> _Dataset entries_

**********

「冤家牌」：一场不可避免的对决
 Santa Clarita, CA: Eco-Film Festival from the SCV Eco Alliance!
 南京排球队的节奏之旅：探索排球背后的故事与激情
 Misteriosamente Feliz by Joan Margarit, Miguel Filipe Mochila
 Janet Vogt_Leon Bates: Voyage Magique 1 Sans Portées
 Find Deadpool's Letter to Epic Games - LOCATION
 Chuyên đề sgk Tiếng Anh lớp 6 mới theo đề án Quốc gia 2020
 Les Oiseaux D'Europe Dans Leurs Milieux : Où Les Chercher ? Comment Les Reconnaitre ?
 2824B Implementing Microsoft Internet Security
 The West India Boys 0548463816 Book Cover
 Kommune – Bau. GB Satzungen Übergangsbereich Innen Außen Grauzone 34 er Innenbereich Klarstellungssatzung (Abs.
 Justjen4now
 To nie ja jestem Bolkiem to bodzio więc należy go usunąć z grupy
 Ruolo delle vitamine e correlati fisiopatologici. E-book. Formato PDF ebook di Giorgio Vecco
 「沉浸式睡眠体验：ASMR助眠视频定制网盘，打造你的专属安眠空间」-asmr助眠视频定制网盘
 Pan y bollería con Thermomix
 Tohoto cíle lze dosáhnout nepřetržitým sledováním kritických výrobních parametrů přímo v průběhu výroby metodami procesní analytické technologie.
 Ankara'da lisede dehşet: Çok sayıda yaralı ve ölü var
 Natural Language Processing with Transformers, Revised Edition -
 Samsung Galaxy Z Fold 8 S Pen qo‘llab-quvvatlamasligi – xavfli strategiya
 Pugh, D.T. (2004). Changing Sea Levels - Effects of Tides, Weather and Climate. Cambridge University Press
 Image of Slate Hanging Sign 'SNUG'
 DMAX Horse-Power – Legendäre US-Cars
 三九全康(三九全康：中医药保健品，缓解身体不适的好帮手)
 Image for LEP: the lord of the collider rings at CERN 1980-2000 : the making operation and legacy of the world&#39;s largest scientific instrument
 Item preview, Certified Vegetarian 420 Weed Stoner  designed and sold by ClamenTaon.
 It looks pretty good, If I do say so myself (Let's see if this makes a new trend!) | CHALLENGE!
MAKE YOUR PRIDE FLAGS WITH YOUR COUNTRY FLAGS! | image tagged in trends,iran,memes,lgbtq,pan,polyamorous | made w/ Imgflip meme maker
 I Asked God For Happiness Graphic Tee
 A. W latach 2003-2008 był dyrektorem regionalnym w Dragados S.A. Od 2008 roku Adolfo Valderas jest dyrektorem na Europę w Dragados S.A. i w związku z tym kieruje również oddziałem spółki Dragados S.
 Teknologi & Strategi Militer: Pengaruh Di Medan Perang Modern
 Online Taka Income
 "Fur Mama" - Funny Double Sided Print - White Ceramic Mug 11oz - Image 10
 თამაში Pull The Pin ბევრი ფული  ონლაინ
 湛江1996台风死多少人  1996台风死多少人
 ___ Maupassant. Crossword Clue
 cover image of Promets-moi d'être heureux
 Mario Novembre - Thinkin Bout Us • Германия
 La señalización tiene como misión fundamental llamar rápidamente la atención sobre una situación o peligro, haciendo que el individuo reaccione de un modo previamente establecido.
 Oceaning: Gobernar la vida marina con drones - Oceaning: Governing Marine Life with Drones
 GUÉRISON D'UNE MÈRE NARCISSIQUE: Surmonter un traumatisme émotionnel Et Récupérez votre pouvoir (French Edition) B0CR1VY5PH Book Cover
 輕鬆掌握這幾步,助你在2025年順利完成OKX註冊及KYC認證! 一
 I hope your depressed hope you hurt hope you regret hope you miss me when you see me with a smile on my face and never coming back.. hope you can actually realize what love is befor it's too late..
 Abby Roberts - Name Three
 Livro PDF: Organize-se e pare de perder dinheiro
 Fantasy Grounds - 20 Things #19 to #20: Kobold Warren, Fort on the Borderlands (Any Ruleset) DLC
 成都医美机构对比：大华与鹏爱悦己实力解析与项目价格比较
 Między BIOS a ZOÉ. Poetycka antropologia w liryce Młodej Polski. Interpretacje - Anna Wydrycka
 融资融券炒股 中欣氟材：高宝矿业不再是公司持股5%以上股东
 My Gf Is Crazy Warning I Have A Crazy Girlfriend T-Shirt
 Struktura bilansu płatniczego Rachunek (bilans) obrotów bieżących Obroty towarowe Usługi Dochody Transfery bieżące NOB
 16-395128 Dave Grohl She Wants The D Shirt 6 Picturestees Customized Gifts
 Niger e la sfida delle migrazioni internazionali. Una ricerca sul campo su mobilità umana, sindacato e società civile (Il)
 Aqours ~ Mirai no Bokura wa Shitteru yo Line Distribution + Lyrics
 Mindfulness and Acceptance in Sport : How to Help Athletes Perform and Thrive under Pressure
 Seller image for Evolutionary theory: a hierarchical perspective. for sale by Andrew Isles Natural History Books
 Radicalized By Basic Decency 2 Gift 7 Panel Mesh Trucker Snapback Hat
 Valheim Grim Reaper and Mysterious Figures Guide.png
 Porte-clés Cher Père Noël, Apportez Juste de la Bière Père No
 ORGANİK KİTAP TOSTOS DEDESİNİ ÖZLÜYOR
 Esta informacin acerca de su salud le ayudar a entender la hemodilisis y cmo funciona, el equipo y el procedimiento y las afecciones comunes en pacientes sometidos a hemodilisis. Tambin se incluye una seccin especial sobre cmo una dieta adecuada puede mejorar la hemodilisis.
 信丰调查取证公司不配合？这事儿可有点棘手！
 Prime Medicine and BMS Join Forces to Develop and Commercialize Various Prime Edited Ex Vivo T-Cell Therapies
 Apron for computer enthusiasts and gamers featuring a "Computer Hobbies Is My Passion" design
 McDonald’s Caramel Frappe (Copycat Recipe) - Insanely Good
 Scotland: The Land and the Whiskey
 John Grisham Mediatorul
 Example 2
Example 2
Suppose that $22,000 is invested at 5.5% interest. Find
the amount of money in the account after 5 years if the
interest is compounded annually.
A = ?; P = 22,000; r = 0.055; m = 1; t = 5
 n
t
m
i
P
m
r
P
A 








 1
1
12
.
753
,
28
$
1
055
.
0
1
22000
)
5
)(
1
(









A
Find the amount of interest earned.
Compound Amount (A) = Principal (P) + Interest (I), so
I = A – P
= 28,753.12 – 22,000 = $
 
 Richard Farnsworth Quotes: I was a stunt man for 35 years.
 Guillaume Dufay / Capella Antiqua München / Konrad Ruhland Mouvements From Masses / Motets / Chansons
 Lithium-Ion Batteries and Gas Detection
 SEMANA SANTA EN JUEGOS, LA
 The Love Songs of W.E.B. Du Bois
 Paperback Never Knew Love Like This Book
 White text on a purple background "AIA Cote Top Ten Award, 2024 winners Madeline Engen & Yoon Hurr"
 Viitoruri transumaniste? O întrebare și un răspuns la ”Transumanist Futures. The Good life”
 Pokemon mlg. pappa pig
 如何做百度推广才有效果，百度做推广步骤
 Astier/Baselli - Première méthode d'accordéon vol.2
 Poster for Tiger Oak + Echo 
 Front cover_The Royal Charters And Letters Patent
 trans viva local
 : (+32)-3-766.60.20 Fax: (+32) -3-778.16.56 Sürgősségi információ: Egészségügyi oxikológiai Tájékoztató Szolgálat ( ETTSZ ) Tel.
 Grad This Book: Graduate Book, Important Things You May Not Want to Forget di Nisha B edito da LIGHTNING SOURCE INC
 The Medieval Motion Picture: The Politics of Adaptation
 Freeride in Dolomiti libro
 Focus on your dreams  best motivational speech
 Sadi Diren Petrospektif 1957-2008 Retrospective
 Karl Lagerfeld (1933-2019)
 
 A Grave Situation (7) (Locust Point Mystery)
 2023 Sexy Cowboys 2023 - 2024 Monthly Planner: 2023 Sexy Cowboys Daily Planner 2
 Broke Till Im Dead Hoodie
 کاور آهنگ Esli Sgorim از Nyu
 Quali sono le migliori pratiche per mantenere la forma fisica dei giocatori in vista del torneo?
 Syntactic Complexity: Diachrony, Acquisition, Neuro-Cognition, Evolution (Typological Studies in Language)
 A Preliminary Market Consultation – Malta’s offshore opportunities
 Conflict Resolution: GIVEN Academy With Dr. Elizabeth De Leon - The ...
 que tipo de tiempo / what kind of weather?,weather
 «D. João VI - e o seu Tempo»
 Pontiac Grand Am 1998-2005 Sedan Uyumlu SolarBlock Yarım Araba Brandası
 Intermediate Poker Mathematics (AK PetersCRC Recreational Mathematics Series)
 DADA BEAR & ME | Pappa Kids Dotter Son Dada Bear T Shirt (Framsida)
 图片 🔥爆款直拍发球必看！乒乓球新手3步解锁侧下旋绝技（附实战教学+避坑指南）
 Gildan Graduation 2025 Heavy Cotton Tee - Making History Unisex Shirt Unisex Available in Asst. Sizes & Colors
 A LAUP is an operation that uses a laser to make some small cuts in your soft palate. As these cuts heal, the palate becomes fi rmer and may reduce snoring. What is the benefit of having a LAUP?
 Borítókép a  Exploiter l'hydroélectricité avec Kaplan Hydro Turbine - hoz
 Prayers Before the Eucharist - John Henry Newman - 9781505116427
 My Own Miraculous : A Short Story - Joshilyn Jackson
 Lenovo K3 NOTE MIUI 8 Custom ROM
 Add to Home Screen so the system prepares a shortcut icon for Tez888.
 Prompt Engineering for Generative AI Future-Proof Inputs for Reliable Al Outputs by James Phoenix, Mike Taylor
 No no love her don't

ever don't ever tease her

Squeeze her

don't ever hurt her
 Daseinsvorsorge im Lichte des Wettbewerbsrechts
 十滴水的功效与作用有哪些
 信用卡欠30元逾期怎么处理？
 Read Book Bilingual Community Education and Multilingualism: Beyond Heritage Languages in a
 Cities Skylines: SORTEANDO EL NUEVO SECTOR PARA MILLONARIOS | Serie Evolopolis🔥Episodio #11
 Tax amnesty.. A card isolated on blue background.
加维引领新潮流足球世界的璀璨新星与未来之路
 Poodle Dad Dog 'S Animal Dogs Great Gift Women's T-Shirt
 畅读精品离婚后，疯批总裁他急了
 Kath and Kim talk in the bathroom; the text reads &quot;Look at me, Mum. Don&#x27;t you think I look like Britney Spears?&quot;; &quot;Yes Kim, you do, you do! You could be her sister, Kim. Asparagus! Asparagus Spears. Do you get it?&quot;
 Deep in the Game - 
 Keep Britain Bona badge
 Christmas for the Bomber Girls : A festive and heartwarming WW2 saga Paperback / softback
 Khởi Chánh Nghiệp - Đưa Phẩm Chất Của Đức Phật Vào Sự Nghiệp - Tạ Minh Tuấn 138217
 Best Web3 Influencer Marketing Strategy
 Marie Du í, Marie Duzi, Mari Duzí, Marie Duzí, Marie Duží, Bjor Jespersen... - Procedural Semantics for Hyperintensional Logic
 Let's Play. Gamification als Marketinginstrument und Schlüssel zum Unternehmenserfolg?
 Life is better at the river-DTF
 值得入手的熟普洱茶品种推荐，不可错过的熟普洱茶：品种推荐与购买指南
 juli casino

**********

> _WORK REQUEST_
Retype exactly the lines above, from the one with "11oz - Image 10" through the one with "Livro PDF: Organize-se", inclusive.

> _REPLY_
 "Fur Mama" - Funny Double Sided Print - White Ceramic Mug 11oz - Image 10
 თამაში Pull The Pin ბევრი ფული  ონლაინ
 湛江1996台风死多少人  1996台风死多少人
 ___ Maupassant. Crossword Clue
 cover image of Promets-moi d'être heureux
 Mario Novembre - Thinkin Bout Us • Германия
 La señalización tiene como misión fundamental llamar rápidamente la atención sobre una situación o peligro, haciendo que el individuo reaccione de un modo previamente establecido.
 Oceaning: Gobernar la vida marina con drones - Oceaning: Governing Marine Life with Drones
 GUÉRISON D'UNE MÈRE NARCISSIQUE: Surmonter un traumatisme émotionnel Et Récupérez votre pouvoir (French Edition) B0CR1VY5PH Book Cover
 輕鬆掌握這幾步,助你在2025年順利完成OKX註冊及KYC認證! 一
 I hope your depressed hope you hurt hope you regret hope you miss me when you see me with a smile on my face and never coming back.. hope you can actually realize what love is befor it's too late..
 Abby Roberts - Name Three
 Livro PDF: Organize-se e pare de perder dinheiro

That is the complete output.